New University Energy Centre Runs on Fossil Fuels

(Image: York Vision)

The Campus East Energy Centre, located between Langwith College and Constantine College, is running on fossil fuels, York Vision can confirm.

After a Freedom of Information request was submitted to the University, it has been revealed that the centre, which cost £8.1 million to build, is “currently being commissioned on natural gas.”

When in full operation, the centre is estimated to use approximately 27 million Kilowatt-hours (kWhrs) of gas per year, although the University have clarified that they have “yet to do further optimisation work to improve operational efficiency.”

Natural gas is formed from the remains of plants and animals trapped and compressed between layers of sediment underground.

It is considered to be a cleaner fuel to burn for energy, releasing fewer byproducts than oil and far less than coal. 

However, when burnt, natural gas still produces carbon dioxide, a potent greenhouse gas which is driving global temperatures to increase, and accelerating climate change.

Pierrick Roger, President of the University of York’s Student Union, told Vision, “I am extremely disappointed in the news of the new Energy Centre. Biogas and natural gas are not sustainable alternatives to more traditional fossil fuels. 

“Although they produce a lower amount of greenhouse gas emissions at point of use than other fossil fuels, biogas and natural gas are methane and are therefore extremely prone to huge amounts of methane leakage throughout production and transport. 

“The University knows this as I have repeatedly pointed it out to them. Over 20 years, methane gas has a global warming potential of 86, meaning it is 86 times more potent than carbon dioxide in warming our atmosphere.” 

Roger raised concern that the energy centre goes against the University’s clean energy transition commitments, saying: “This development is not in line with the energy transition the University has committed to. Campus should be hooked up to the national electrical grid where all electricity can be purchased from renewable sources as is currently being done, not more gas power plants. 

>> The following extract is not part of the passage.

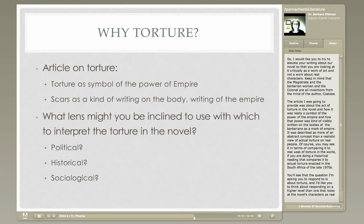You may or may not agree with that interpretation — you might think it's interesting, but you may also see it in terms of comparing it to real uses of torture in the world. When you read it, you might be interested in doing a historical reading that compares it to actual torture that happened in South Africa in the late 1970s when this novel was written, and you might decide that maybe Coetzee was trying to make a comment about what was actually going on in his culture. The question I'm asking you to respond to in this lesson is about torture, and I'd like you to think about responding on a higher level than one that just looks at the novel's characters as real people.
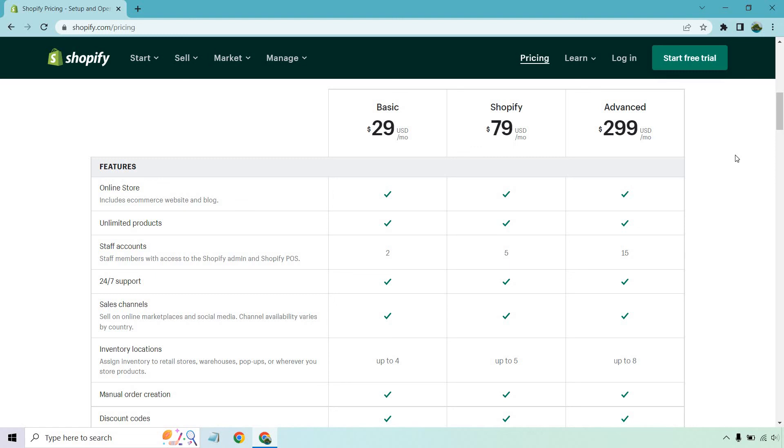So that's pretty much an overview of the basic plan and kind of comparing it to the Shopify and advanced Shopify plans. If you have any questions, feel free to leave a comment down below. Don't forget, they do come with a true free trial, 14 days, no card needed. And I will put that link in the description for you. Thanks again so much for watching. I hope you got some value out of this video and I'll see you in my next one.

“The University has not achieved a single one of its emissions goals over the last 15 years, and this development only pulls us even deeper into the emissions hole we’re in.”

The energy centre uses Combined Heat and Power (CHP), a method hailed by many as far more efficient than other conventional means for generating energy or heat.

By intentionally generating both heat and power at the same time, carefully monitoring the two, and capturing the heat (which usually escapes and is wasted as a byproduct in typical power stations), CHP systems can reduce carbon emissions by up to 30%, and help reduce energy bills by 20%, according to the UK Government.

The centre aims to maintain a steady supply of energy for Campus East over the next 10 years as it expands, and heat produced by the facility will be used to heat buildings at the University to reduce waste.

The new centre, which started construction in October 2021, was only just completed in March this year. Currently, it is undergoing “seasonal commissioning” to get connected up to the University heat and power network, and monitored for efficiency.

While the centre is currently using natural gas, the University confirmed that “the energy centre is designed to run on multiple fuels including biogas [but] it is currently being commissioned on natural gas.”

The University commented: “The Energy Centre has been constructed to last in excess of 50 years, and the generating plant within it is expected to satisfy the ongoing expansion of Campus East over the next 10 years. The design of the building is such that it can readily be extended and adapted as the University energy demands continue to change allowing new technology to be adopted as necessary in future years.”